EXERCISE DIRECTIONS
Among the entries below, only the lines from the one with "Leonardo German Postmodern Glass Vase" through the one with "Casa para locação" are to be retyped, exactly and without pictures.

INPUT DATA
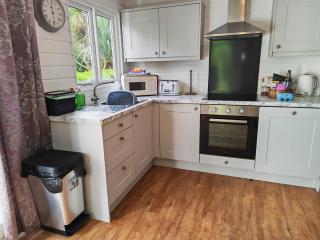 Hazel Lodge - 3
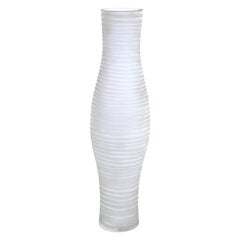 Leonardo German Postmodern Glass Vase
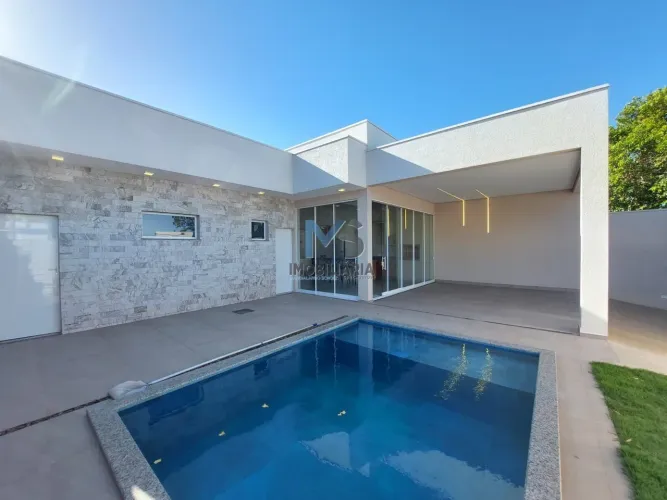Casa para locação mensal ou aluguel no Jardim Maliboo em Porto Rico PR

--

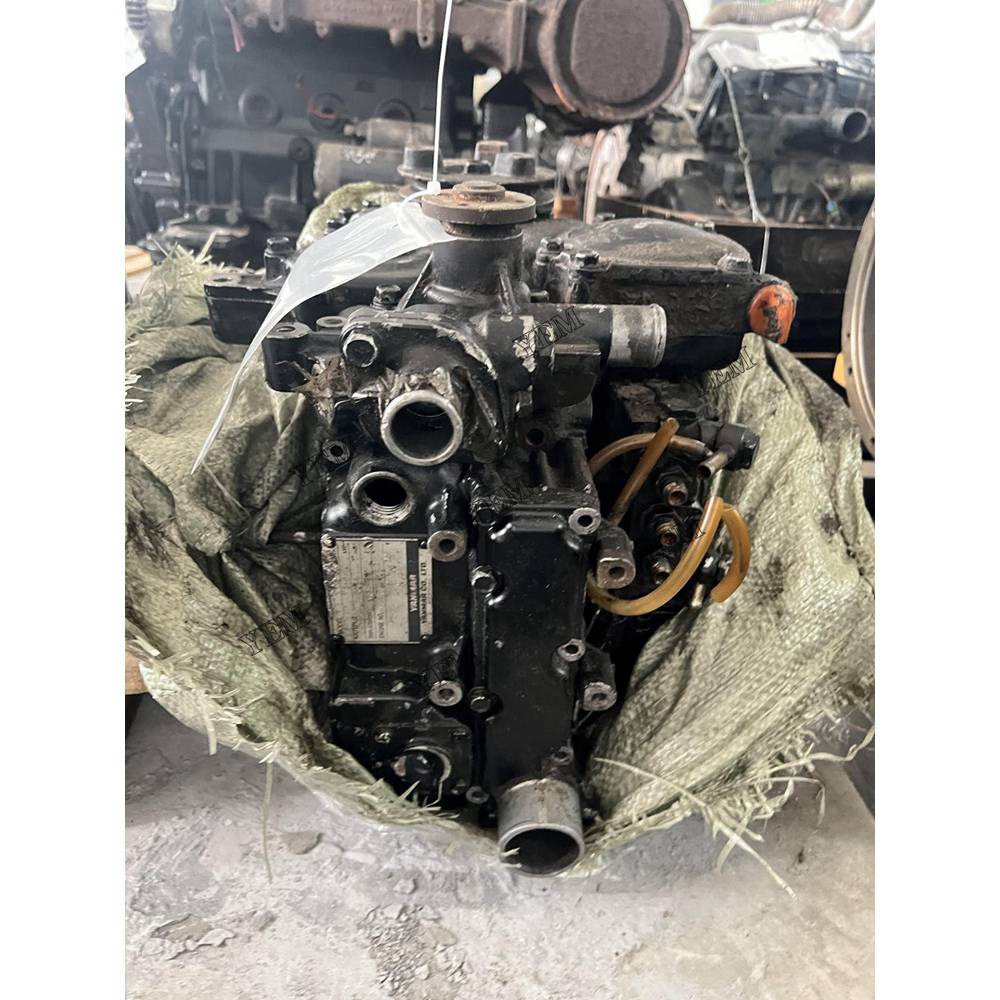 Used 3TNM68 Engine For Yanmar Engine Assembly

ANSWER SPACE
 Leonardo German Postmodern Glass Vase
Casa para locação mensal ou aluguel no Jardim Maliboo em Porto Rico PR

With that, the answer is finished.